● **Collected data**
◆ ◆ ◆ ◆ ◆

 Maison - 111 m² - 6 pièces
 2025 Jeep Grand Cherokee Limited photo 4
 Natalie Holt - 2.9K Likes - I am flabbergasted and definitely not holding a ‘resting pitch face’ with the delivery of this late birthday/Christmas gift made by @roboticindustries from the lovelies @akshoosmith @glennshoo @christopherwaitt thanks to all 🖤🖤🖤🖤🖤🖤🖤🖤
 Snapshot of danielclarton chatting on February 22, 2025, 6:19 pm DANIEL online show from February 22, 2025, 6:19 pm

◆ ◆ ◆ ◆ ◆

● **Requirement**
Restate the data above word for word, omitting nothing.

● **Response area**
 Maison - 111 m² - 6 pièces
 2025 Jeep Grand Cherokee Limited photo 4
 Natalie Holt - 2.9K Likes - I am flabbergasted and definitely not holding a ‘resting pitch face’ with the delivery of this late birthday/Christmas gift made by @roboticindustries from the lovelies @akshoosmith @glennshoo @christopherwaitt thanks to all 🖤🖤🖤🖤🖤🖤🖤🖤
 Snapshot of danielclarton chatting on February 22, 2025, 6:19 pm DANIEL online show from February 22, 2025, 6:19 pm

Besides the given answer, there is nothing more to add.